What to produce —
Start with the first line of the data and end with the line that holds "手绘荷花悬停盖碗150cc➕主人杯65cc釉下彩微瑕福利款"; write out each one exactly.
++++ The records ++++
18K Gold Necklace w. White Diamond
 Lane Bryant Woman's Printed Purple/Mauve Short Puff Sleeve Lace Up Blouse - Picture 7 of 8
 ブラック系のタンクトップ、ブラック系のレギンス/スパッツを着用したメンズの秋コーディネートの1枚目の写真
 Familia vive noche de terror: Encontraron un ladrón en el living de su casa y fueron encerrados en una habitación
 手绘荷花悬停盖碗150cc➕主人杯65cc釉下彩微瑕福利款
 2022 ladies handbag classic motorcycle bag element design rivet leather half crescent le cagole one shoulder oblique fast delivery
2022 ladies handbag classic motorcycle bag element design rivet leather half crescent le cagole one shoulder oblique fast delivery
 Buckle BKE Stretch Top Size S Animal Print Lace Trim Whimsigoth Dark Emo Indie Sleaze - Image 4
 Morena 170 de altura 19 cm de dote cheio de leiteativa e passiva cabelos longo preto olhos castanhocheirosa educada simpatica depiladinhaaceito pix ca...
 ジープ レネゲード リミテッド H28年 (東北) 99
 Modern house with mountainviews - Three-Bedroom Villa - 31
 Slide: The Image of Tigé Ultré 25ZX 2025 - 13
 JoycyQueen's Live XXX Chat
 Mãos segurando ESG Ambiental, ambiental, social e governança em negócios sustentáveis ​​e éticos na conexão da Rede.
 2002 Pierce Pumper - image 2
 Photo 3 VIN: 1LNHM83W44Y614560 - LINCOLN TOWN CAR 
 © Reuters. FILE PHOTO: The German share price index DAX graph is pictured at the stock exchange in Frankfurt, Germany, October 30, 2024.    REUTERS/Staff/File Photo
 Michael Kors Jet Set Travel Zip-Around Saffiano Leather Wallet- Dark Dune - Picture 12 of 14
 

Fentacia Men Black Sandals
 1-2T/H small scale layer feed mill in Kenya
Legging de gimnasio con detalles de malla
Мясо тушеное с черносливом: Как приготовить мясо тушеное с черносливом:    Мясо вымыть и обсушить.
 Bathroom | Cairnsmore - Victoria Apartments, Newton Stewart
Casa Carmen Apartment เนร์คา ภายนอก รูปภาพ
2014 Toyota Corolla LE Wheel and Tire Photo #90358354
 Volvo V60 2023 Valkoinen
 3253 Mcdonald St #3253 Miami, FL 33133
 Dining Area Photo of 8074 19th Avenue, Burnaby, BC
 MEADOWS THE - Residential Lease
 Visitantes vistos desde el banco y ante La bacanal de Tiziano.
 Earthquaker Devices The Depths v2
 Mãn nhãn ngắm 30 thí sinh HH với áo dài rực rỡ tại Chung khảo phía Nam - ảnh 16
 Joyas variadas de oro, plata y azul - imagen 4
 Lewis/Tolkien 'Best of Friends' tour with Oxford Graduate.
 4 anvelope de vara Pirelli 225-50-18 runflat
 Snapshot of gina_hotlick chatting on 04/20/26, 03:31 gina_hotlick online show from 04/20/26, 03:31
++++
Output for this exercise —
18K Gold Necklace w. White Diamond
 Lane Bryant Woman's Printed Purple/Mauve Short Puff Sleeve Lace Up Blouse - Picture 7 of 8
 ブラック系のタンクトップ、ブラック系のレギンス/スパッツを着用したメンズの秋コーディネートの1枚目の写真
 Familia vive noche de terror: Encontraron un ladrón en el living de su casa y fueron encerrados en una habitación
 手绘荷花悬停盖碗150cc➕主人杯65cc釉下彩微瑕福利款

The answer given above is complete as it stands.